Mas há também espaço para solidariedade, conta Tia Vaninha.
“Quando veio o anúncio de que a escola ia fechar, os pais se mobilizaram. A
comunidade se sentiu tocada, e cada um passou a ajudar da forma possível, seja
com biscoitos para a merenda das crianças, seja auxiliando na limpeza do
local.”
Ela e outras duas professoras dão aulas de forma voluntária
depois de terem seus salários cortados pela prefeitura.
Emocionada, ela diz que sabe que aquela sala de aula não é o
modelo ideal. “Eu penso em cada um dos meus alunos. Eu quero um futuro para
eles. Tudo isso é muito triste, mas pelo menos estou fazendo a minha parte”,
diz.
Fabiana Batista, também professora voluntária, defende a
permanência dos alunos nas escolas antigas. “Dói muito presenciar essa cena,
não era para ser assim. A educação é linda na teoria, mas na prática a história
é bem diferente.”
“A gente passa quatro anos estudando e vendo teoria. Mas,
quando chega ao batente, encontra várias dificuldades. Não é fácil para
ninguém, mas quem mais sofre são os alunos. O futuro deles fica comprometido”,
afirma Batista.
O que diz o MEC e a prefeitura?
Procurado pelo UOL, o MEC (Ministério da Educação) destacou
que, “de acordo com a Constituição Federal, os municípios, estados e a União
têm autonomia garantida pelo Pacto Federativo”. “Nenhum órgão da União está
acima de qualquer órgão municipal ou estadual.”

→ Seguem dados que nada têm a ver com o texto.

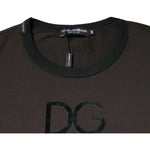 Dolce & Gabbana Brown Logo Cotton Crew Neck Pullover Sweater TSH86924-44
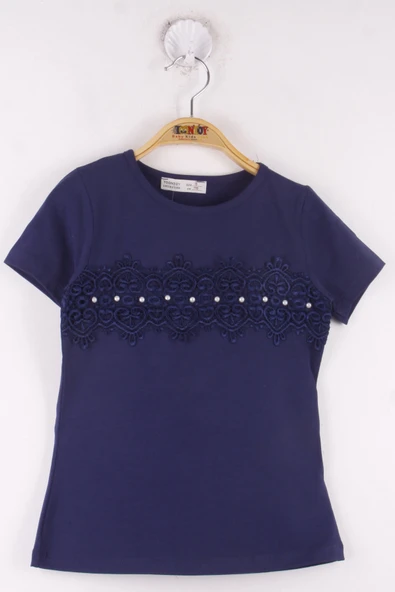 Toontoy Kız Çocuk Önü Dantelli Okul Tişört - 6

O MEC também informou que seu papel é de apoio e que o
assunto deveria ser tratado com a Secretaria Municipal de Educação, “uma vez
que qualquer decisão de fechamento ou abertura de escolas é da própria
secretaria, dentro de sua autonomia garantida por lei”.
Já a secretária de Educação de Areia, Sandra Araújo Medeiros,
reclama das condições anteriores das escolas municipais.
“Antes da nossa gestão, havia escola em que merendeira dava
aula e escola que estava fechada em dia letivo. As mudanças foram necessárias”,
afirmou ao UOL, ressaltando que foram 11, e não 13, o número de escolas
fechadas.
Segundo ela, também há uma tentativa de politizar o
fechamento das escolas.
No cargo desde janeiro de 2017, a secretária diz que, das 24
escolas municipais, apenas seis não eram multisseriadas, o que precisou ser
reavaliado para atender as exigências do Ministério da Educação.
“Além disso, o desempenho era muito baixo. Havia escolas com
distância de 900 metros de uma para outra e com estruturas péssimas. Outras
eram assaltadas diversas vezes. Diante disso, ou a gente reestruturava ou
continuaria com a fábrica de analfabetos”, afirmou.
Sobre o caso da escola Emília Maracajá, Medeiros disse que só
depois de muitas conversas foi apresentada aos pais dos alunos a opção de
transferência para outras escolas.
“A ideia era reabrir a escola por 60 dias e ver se realmente
seria produtivo. Mesmo tendo apenas 14 alunos, íamos reabrir a escola, desde
que os outros estudantes de salas multisseriadas fossem transferidos, mas a
proposta não foi aceita [nem pelos pais nem pelo MP]”, afirmou.
Segundo ela, os alunos da Emília Maracajá não estão
formalmente matriculados e correm o risco de perder o ano letivo.
Pais também se preocupam com o cancelamento do benefício do
Bolsa Família por causa da falta de frequência escolar.
O impasse só deve ser resolvido na Justiça, tendo em vista as
tentativas frustradas de acordo entre as partes.
Em relação ao sinal de internet, a secretária disse que a
antena foi instalada, mesmo com a escola fechada, devido a um atraso na
liberação do processo pelo MEC.
“Quando chegaram para instalar, a escola já estava fechada,
mas, como havia a perspectiva de reabrir, optamos por deixar, pois fazia parte
do acordo com os pais não retirar nada da escola até que a situação fosse
definitivamente resolvida. Infelizmente não teve acordo e agora vamos aguardar
a decisão da Justiça.”
A Justiça estadual deu um prazo de 30 dias, que vence no
final deste mês, para a prefeitura se justificar oficialmente sobre o
fechamento das escolas. Só então a questão vai ser colocada em julgamento.